A new economic pattern is emerging, where the need for diversification is felt. New players are changing the banking landscape. In the private banking sphere, Fintechs are asserting themselves, thanks to their agility and flexibility, by offering low-cost services, and by optimising their onboarding client process. These new players are making full use of new technologies such as biometrics, blockchain, big data and machine learning to offer new solutions tailored to market requirements. In this sense, traditional banks are therefore being called upon to innovate in order to strengthen their competitive advantage and continue to demonstrate a great ability to adapt by monitoring customer expectations.

To improve profitability, retail and private banks are trying to control their investment and operating costs.
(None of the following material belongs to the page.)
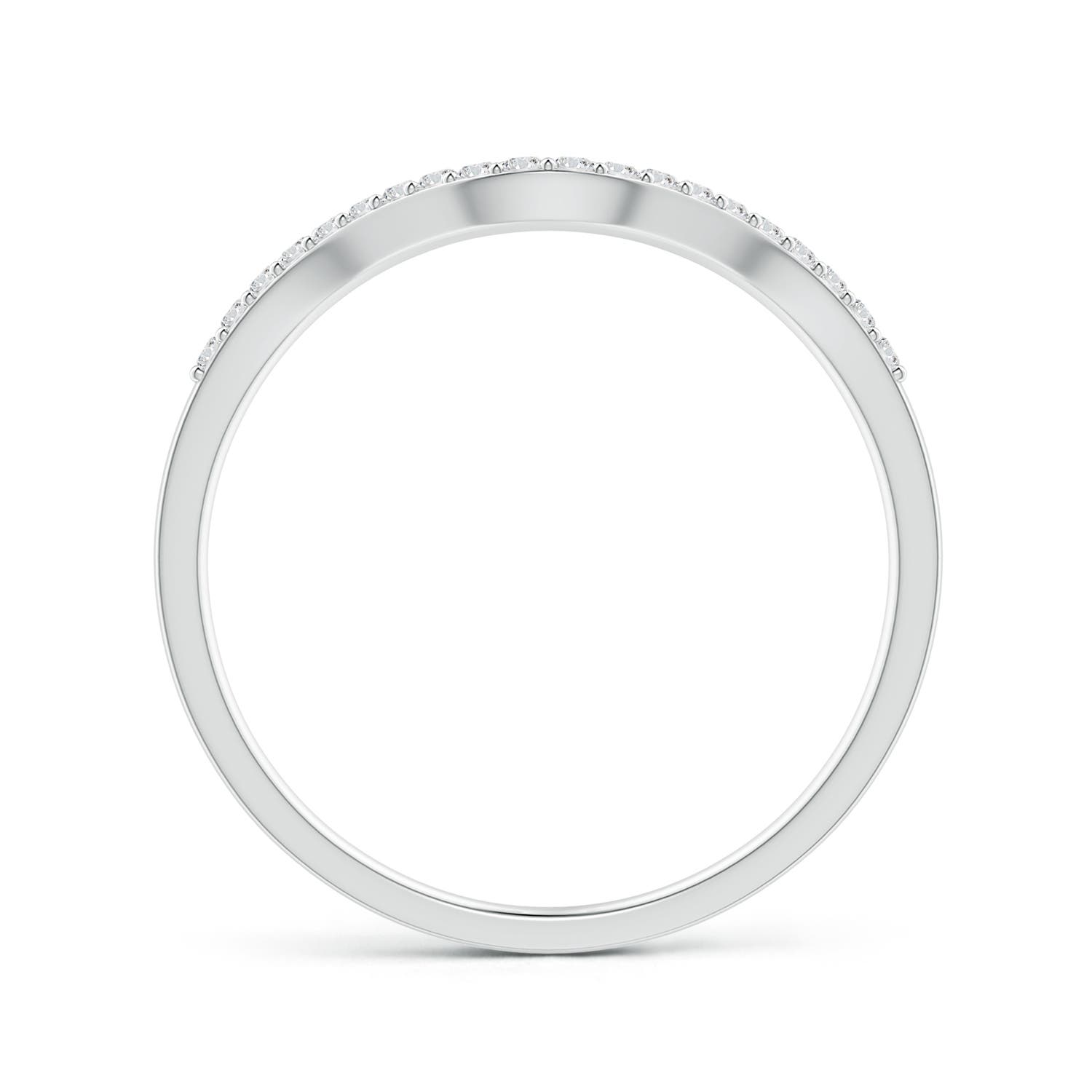 H, SI2 / 0.1 CT / 14 KT White Gold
One of the strategic priorities is the implementation of measures to limit the increase in operating expenses and IT investments, but also to resist wage indexation and the inevitable rise in regulatory costs.
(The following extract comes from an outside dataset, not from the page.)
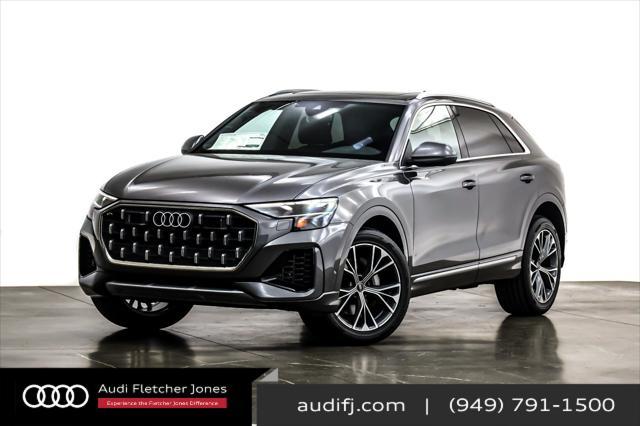 new 2025 Audi Q8 car, priced at $80,825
To remain attractive, the spearhead of a bank would be to optimise its activities and develop its offering in order to offer innovative services, improve its ability to adapt personalised wealth and tax advice, and reposition itself in a UHNWI (ultra high net worth individuals) customer base. 

The managerial culture within the Luxembourg banking sector must be a lever for collective efficiency that enables advisors to enhance their expertise. Banks in Luxembourg are therefore looking into new forms of management. They are experimenting with new managerial practices. In the columns of the Andy à Luxembourg blog, Frédéric Kieffer (ING), Head of Retail Banking, describes all the benefits of the agile transformation within ING. He states: “We measure the benefits of the agile method in terms of marketing times, employee satisfaction and maintaining talent within our organisation. ”

Digital interaction is seen as an opportunity for private banks to make progress. It influences a key component of management: customer relations. “Digitalisation and fintechs should not be seen as obstacles, but rather as facilitators for private bankers, which remain and will remain a business where customer and human relations will be linked”, Pierre Etienne, Chairman of Private Banking Group Luxembourg told Le Quotidien.